Task directions: Below are records; copy every line among them that contains the word "Close".
- - - -
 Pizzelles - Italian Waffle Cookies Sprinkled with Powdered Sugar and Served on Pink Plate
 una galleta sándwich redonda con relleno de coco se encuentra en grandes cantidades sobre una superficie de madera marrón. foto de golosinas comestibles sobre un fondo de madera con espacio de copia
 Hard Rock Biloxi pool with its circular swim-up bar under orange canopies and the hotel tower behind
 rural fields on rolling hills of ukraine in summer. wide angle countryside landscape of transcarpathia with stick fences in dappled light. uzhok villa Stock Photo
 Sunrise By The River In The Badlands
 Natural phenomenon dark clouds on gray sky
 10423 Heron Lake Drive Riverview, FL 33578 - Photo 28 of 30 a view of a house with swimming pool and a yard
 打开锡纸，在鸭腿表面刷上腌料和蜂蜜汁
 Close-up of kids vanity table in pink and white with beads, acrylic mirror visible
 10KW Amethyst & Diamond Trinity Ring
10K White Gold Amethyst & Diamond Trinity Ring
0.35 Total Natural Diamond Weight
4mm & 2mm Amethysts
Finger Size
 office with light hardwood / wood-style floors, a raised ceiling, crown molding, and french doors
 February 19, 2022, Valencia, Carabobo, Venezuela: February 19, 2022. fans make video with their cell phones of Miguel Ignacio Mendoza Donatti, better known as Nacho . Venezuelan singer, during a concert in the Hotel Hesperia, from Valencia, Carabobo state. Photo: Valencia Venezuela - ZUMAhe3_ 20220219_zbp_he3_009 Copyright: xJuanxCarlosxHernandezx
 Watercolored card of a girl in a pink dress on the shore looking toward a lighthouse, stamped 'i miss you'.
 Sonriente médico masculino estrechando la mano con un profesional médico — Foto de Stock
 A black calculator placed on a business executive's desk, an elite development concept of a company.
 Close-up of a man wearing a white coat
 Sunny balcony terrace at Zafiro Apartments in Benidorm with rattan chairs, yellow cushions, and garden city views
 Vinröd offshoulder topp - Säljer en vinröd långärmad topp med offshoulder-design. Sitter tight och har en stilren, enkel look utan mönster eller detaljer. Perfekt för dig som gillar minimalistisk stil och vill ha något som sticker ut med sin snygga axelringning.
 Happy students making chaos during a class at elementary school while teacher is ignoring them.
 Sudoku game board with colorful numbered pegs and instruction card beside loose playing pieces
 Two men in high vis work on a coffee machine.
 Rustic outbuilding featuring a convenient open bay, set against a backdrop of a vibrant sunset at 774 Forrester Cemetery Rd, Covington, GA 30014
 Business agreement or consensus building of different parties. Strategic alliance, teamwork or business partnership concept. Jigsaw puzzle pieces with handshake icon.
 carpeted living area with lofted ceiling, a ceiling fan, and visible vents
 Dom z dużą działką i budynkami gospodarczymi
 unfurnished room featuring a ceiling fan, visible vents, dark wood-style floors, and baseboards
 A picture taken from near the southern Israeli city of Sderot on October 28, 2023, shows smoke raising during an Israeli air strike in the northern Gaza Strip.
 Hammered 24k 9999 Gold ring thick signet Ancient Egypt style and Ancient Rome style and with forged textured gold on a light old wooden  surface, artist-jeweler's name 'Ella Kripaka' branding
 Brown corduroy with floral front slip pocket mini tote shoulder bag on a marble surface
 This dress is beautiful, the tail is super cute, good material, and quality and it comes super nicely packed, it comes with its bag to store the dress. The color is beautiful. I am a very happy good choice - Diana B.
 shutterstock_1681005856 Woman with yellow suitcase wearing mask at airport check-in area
- - - -
Output below:
 Close-up of kids vanity table in pink and white with beads, acrylic mirror visible
 Close-up of a man wearing a white coat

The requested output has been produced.